Jakarta (parade.id)- Dewan Pengurus Cabang Federasi Pertambangan dan Energi Konfederasi Serikat Buruh Seluruh Indonesia (DPC FPE KSBSI) Mimika, Papua Tengah, mendampingi tiga karyawan PT Freeport Indonesia mengajukan permohonan uji materiil terhadap Undang-Undang Nomor 4 Tahun 2023 tentang Pengembangan dan Penguatan Sektor Keuangan (UU P2SK) ke Mahkamah Konstitusi (MK).
Ketiga karyawan tersebut adalah Alfonsius Londoran, Nurman, dan Abdul Rahman, yang merupakan anggota PK FPE KSBSI PT Freeport Indonesia.
Permohonan uji materiil ini ditujukan pada Pasal 161 ayat 2 dan Pasal 164 ayat 2 UU P2SK. Pasal 161 ayat 2 berbunyi, “Pembayaran Manfaat Pensiun bagi Peserta, Janda/Duda, atau anak harus dilakukan secara berkala.” Sementara Pasal 164 ayat 2 menyebut, “Peraturan Dana Pensiun dapat memuat ketentuan yang mengatur pilihan pembayaran Manfaat Pensiun pertama kali secara sekaligus paling banyak 20% dari Manfaat Pensiun.”
Kedua pasal ini dinilai bertentangan dengan Pasal 28D ayat (2) UUD 1945 yang menyatakan, “Setiap orang berhak untuk bekerja serta mendapat imbalan dan perlakuan yang adil dan layak dalam hubungan kerja,” sehingga merugikan hak-hak pekerja, khususnya yang akan pensiun.
Ketua DPC FPE KSBSI Kab.
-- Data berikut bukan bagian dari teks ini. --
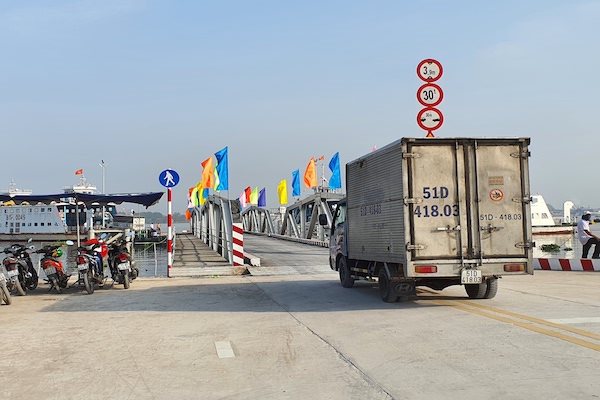 Tư vấn độc lập sẽ thẩm định phà quá hạn sử dụng ở bến Rạch Miễu, Tân Phú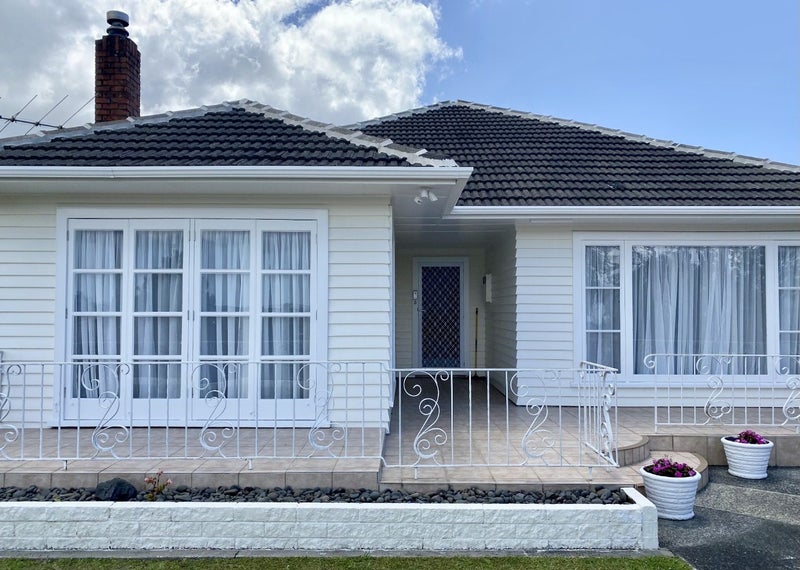 22 Monarch Avenue, Hillcrest, Auckland - Carousel 2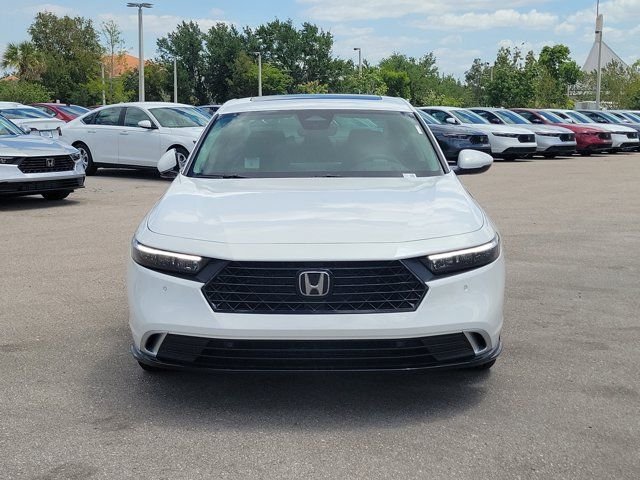 New 2026 Platinum White Pearl Honda Touring image 2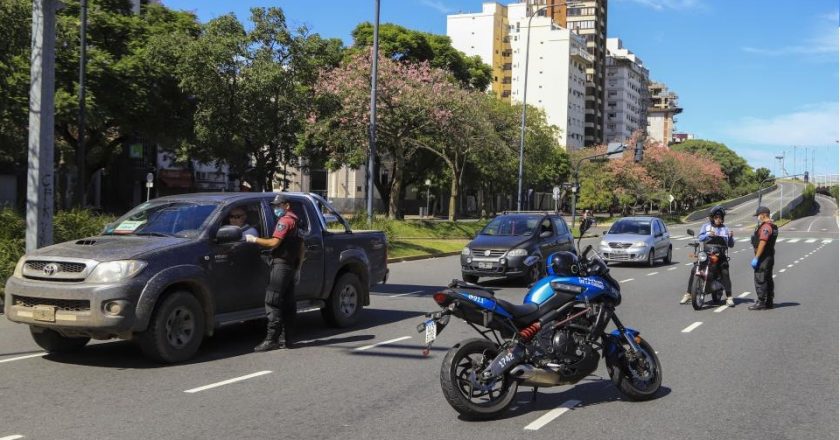 Abogados laboralistas reclaman que se prohíban los despidos para garantizar el aislamiento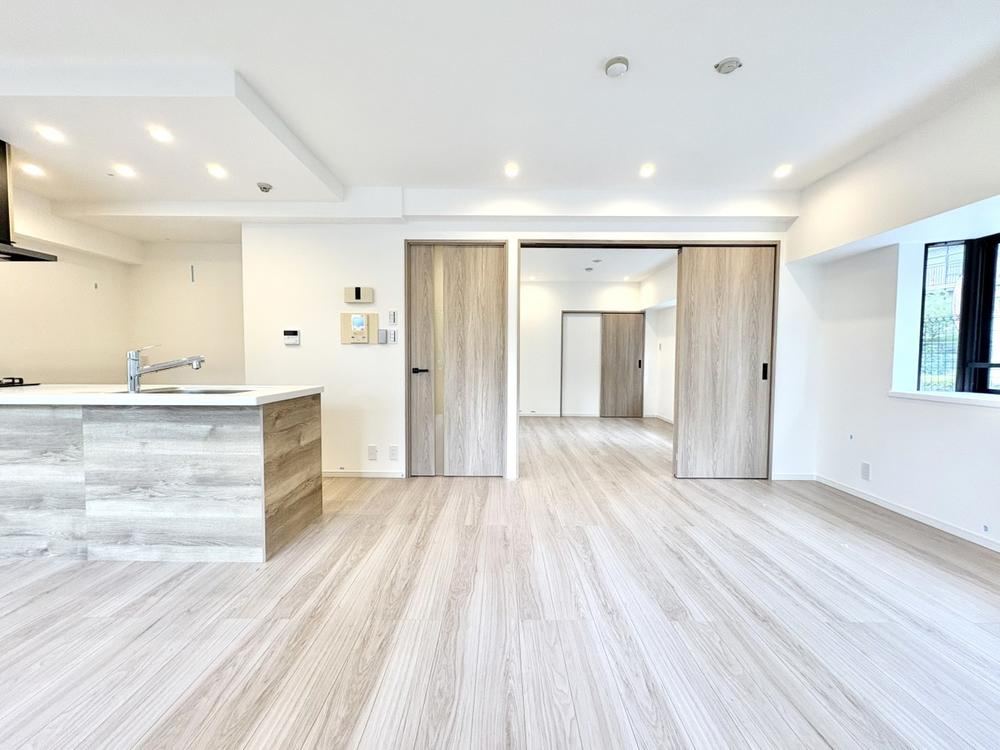 3LDK apartment in Fuchu, Tokyo - Photo 1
Mimika, Papua Tengah, Marjan Tusang, dalam pernyataannya, Rabu (6/8/2025) menegaskan, “Kami menilai dengan disahkannya UU P2SK, telah merugikan pekerja buruh, lebih khusus kepada karyawan PT Freeport Indonesia yang dana pensiunnya itu bisa melebihi Rp500 juta, bahkan Rp1 miliar. Jika aturan baru dalam UU P2SK dan turunannya, yakni POJK Nomor 27 Tahun 2023, diimplementasikan, maka pembayaran pensiun akan dilakukan secara berkala dan itu sangat merugikan,” ujarnya.
Lebih lanjut, Marjan menyampaikan bahwa buruh akan menggugat pasal-pasal tersebut melalui Tim Advokasi Dana Pensiun Karyawan PT Freeport Indonesia (Tim Advokasi DPFI FPE KSBSI) untuk mengajukan permohonan pengujian materiil atas pasal 161 ayat 2 dan pasal 164 ayat 2 UU P2SK.
Marjan juga menegaskan, “Aturan baru ini telah menimbulkan gejolak dan polemik di kalangan buruh. Jika sebelumnya pembayaran pensiun tidak dibatasi, tetapi kini hanya 20% yang dapat diambil sekaligus dan sisanya 80% dibayarkan secara berkala, sehingga merugikan buruh.”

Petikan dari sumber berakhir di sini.